Il se passe rarement un jour sans que l’on aborde la question de la dématérialisation du monde. Dans le métier des relations publiques, le triomphe du monde virtuel a fait jusqu’à maintenant beaucoup de ravages sur les façons de voir et d’en aborder la pratique. Les médias ne sont plus ce qu’ils étaient. Les imprimés cèdent peu à peu la place à de nouveaux médias virtuels. Chez nous, le quotidien La Tribune a choisi de vivre ce nouveau monde dans une forme hybride. Le Web prend de plus en plus de place. La société en réseaux fait des ravages sur le métier de journalistes. Il est de plus en plus difficile pour un locuteur dans l’espace public d’imposer son point de vue. Nous devons faire face à de multiples intervenants qui commentent l’actualité en invoquant bien souvent des nouvelles inventées de toutes pièces. Les anciennes façons de débattre sont remplacées dans l’espace public par une culture du complot et par l’omniprésence des haters.
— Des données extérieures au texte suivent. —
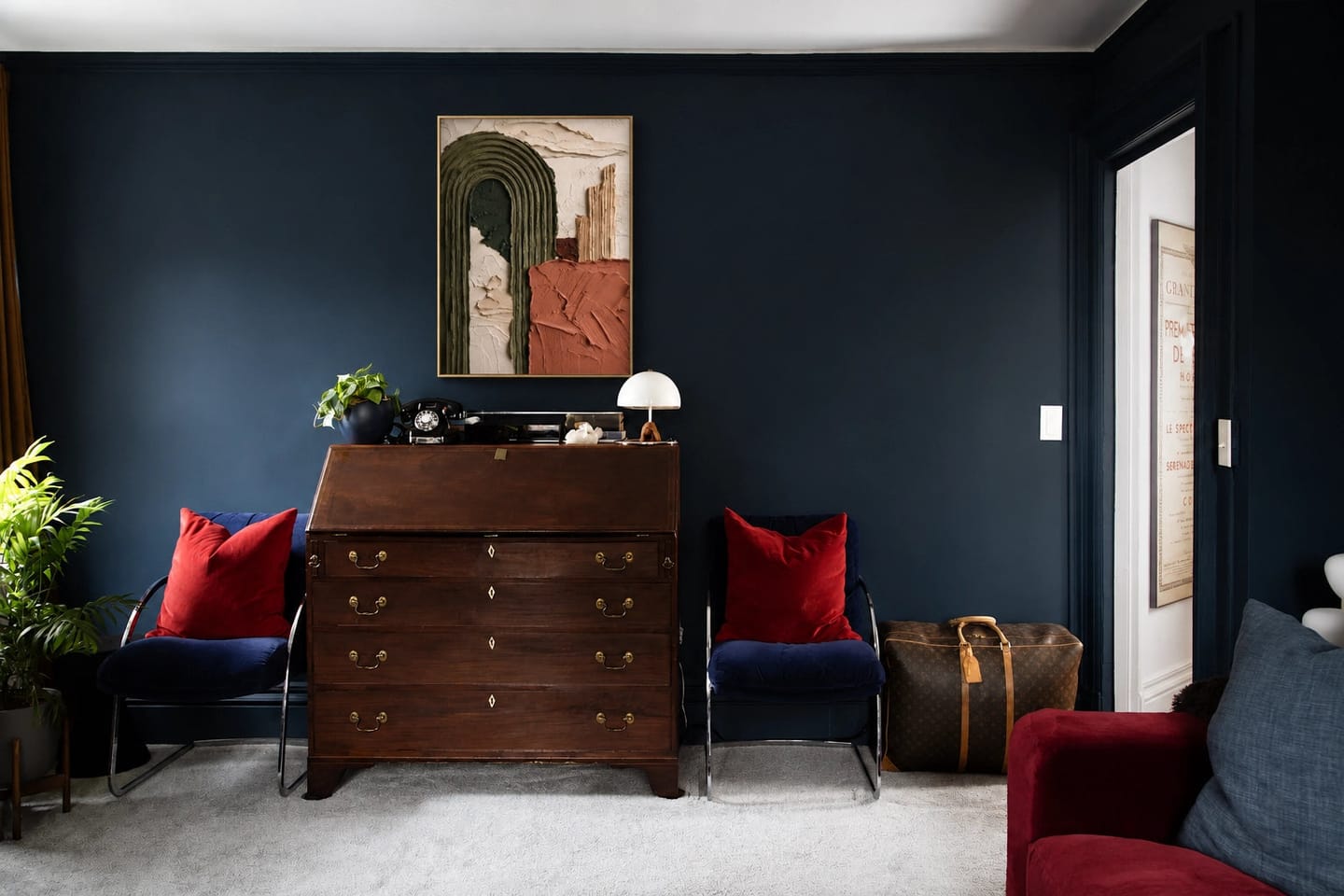 Customer photo review of Textured & Impasto Art｜Earthbound Arch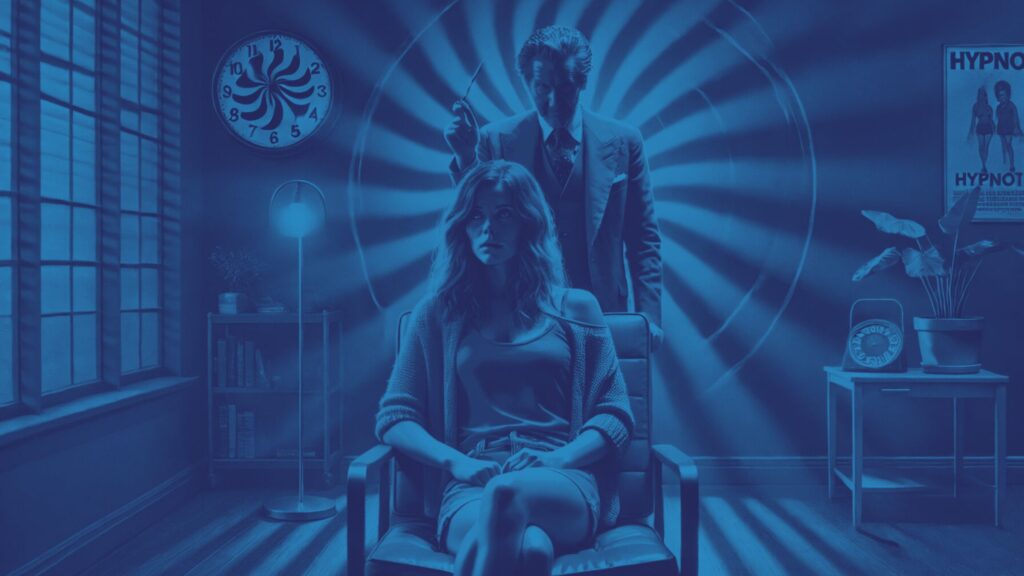 Netflix thriller heeft weinig te maken met therapeutische hypnose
Ce qui est vrai pour le métier des relations publiques et celui de journalistes n’est pas moins vrai dans le monde du livre. Le dernier bastion des lettrés issus du siècle des Lumières. Dans un livre publié en 2015 en France sous la direction de Cédric Biagini aux éditions de l’Échappée, une vingtaine d’auteurs font le point sur la disparition imminente du livre tel que nous l’avons connu. Intitulé L’assassinat des livres par ceux qui œuvrent à la dématérialisation du monde, ce collectif d’auteurs prend la défense de ce bon vieil objet qu’est le livre imprimé; « … cet ouvrage traite du changement du rapport à celui-ci (le livre), en tant qu’objet symbolique, et à la lecture, pratique encore au cœur de notre culture qui permet d’apprendre, de s’instruire, de s’élever et de se construire… aujourd’hui mise en danger par le développement des technologies qui détruisent notre attention et nos capacités de concentration » (Cedric Biagini, coordonnateur, L’assassinat des livres par ceux qui œuvrent à la dématérialisation du monde, Coll. : Frankestein, Paris, éditions l’Échappée, 2015, p. 9).
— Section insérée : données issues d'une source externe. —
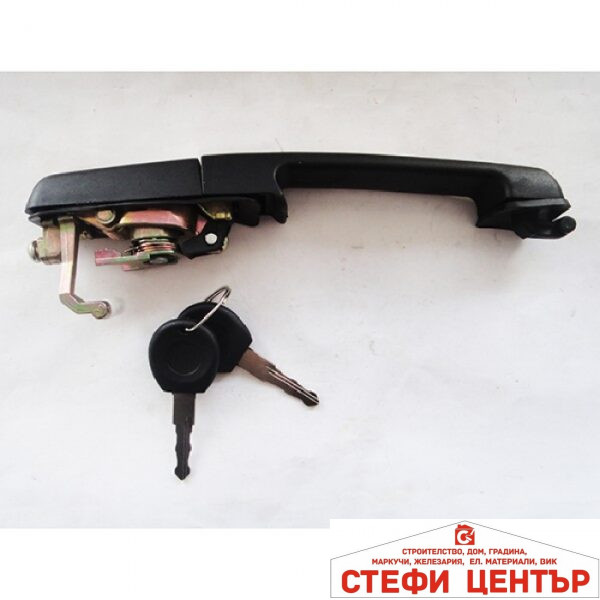 Дръжка предна подходяща за VW Passat - механична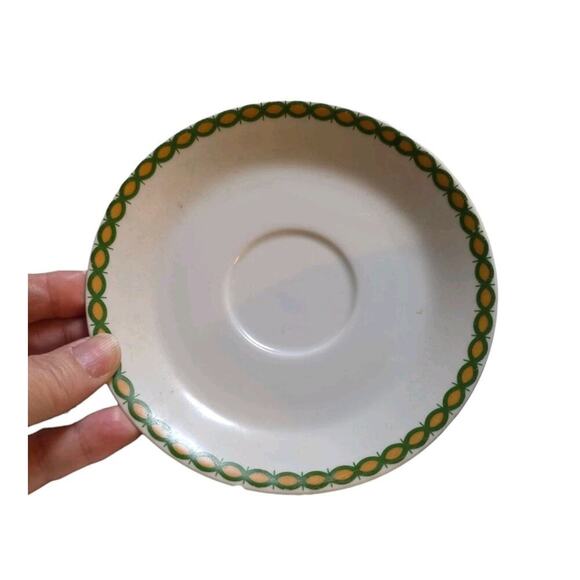 Mitterteich Bavaria Tea Cup Saucer and Plate Flowers Floral Two 3 Piece Set - Picture 4 of 6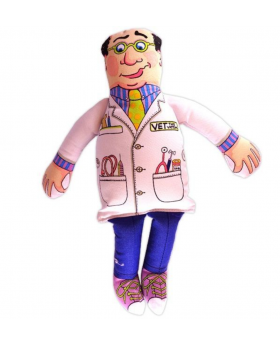 MUÑECO PET/60 CE 10 A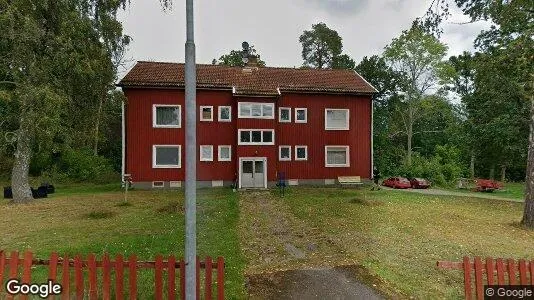 Lägenheter att hyra i Nybro - Bild från Google Street View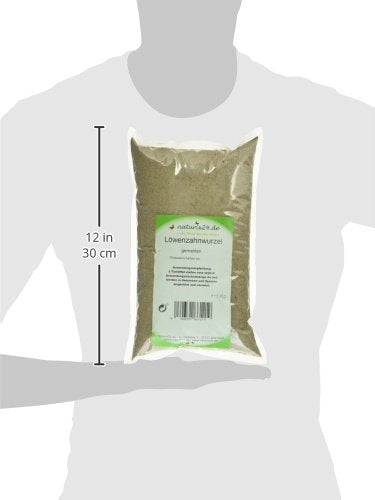 Naturix24 Löwenzahnwurzel gemahlen, 1er Pack (1 x 1 kg)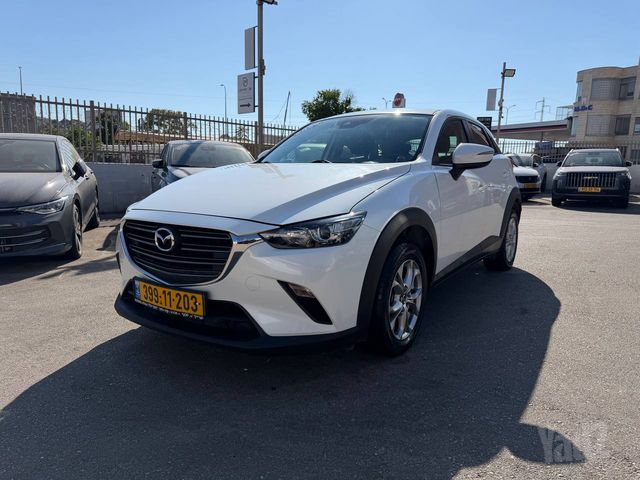מאזדה CX-3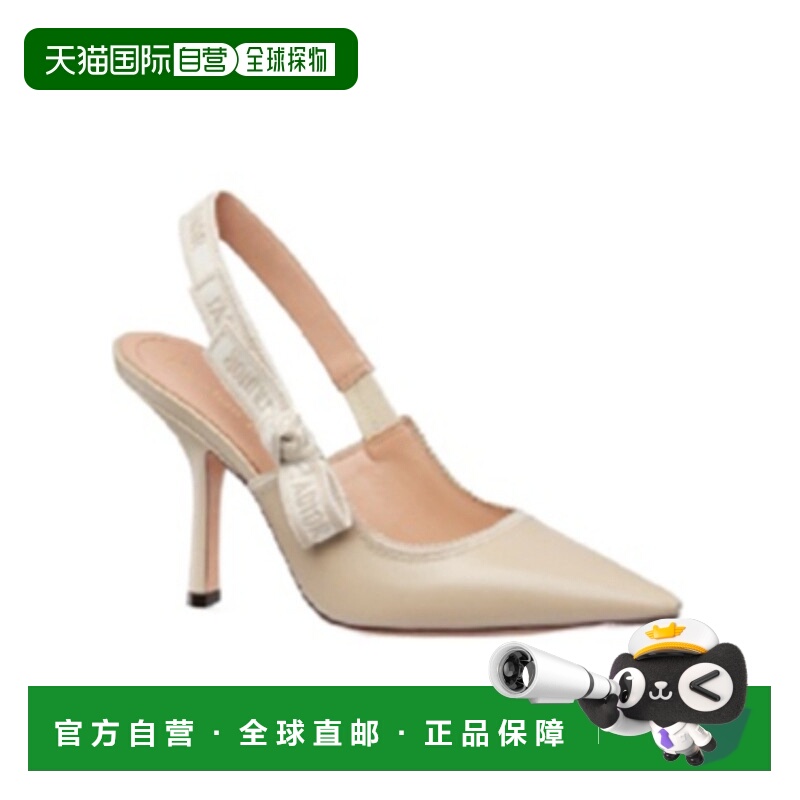 香港直邮Dior J'adior 露跟高跟鞋 KCV025CEY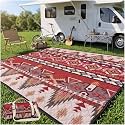 Waterproof Picnic Blanket Outdoor Camping Beach Mat Outside Rug Tent Floor Carpet Extra Large Foldable Sandproof Car Essential Roadtrip Gadget Rv Accessories Glamping Gear Must Haves Hiking Stuff Gift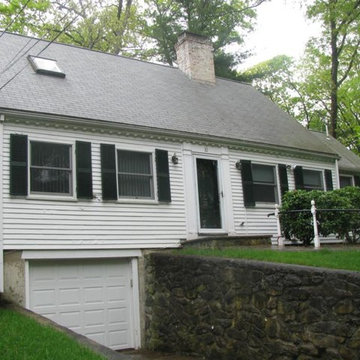 Boston Exterior House Painting 2013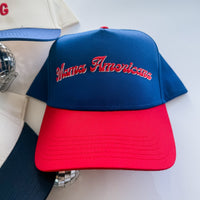 Mama Americana - Trucker Hat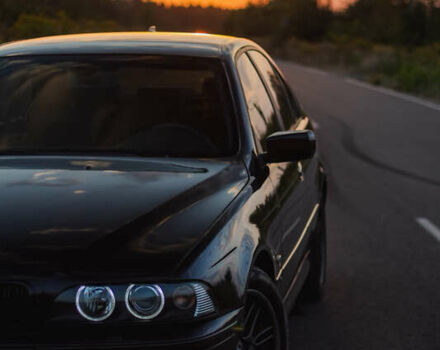 БМВ 5 Серия, объемом двигателя 2.5 л и пробегом 315 тыс. км за 8400 $, фото 11 на Automoto.ua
C’est un véritable plaidoyer que nous livre les auteurs à la faveur de la défense du livre tel que nous le connaissons : « Le livre, dans sa linéarité et sa finitude, dans sa matérialité et sa présence, constitue un espace silencieux qui met en échec le culte de la vitesse, permet de maintenir une cohérence au milieu du chaos. Point d’ancrage, objet d’inscription pour une pensée critique et articulée, hors des réseaux et des flux incessants d’informations et de sollicitations, il est peut être le dernier lieu de résistance. » (loc. cit.)

Je suis solidaire avec ces auteurs et je dis avec eux que nous devons appeler à la résistance : « Un peuple du livre, réfractaire aux illusions numériques, qui défend ce pour quoi il se bat au quotidien, à contre-courant de processus qui endommagent nos capacités de lecture, de contemplation, de réflexion, d’écoute et d’abandon esthétique, pourtant si nécessaires à la construction de soi et au bien-être collectif. » (loc. cit.)

Sans paraître pour des conservateurs qui refusent le progrès, nous devons combattre la dématérialisation de l’objet culturel. Cet appel à la résistance est aussi un combat pour la démocratie et la liberté quoique l’on puisse en penser. Lisons encore les sages écrits de Cédric Biagini dans la présentation de ce recueil au titre provocateur et à escient trompeur : « Nous disposons de suffisamment de recul ─ la révolution numérique se déroulant à une vitesse fulgurante ─ et d’outils d’analyse pour comprendre que la dématérialisation du livre ne consiste pas à augmenter la diffusion des textes et de la lecture, mais bien à liquider l’esprit dont l’imprimerie est à l’origine. Nous changeons de monde, et celui qui se dessine attise la soif de divertissement et de loisirs, exacerbe les pulsions consuméristes, atomise et désoriente les individus, voue un culte à la vitesse, détruit les facultés de se concentrer, de mémoriser, de penser, tue la créativité et l’imagination… Il se produit le contraire de ce que les grands discours qui accompagnent le déploiement du numérique voudraient nous faire croire. » (ibid. p. 17)

Il faut comprendre ce qui nous arrive si l’on veut être en mesure de choisir l’humain et le bien commun plutôt que le mirage d’une nouvelle économie libératrice qui jusqu’à maintenant détruit tous nos repères pour les remplacer par le spectacle, le divertissement et le culte à l’immatérialité.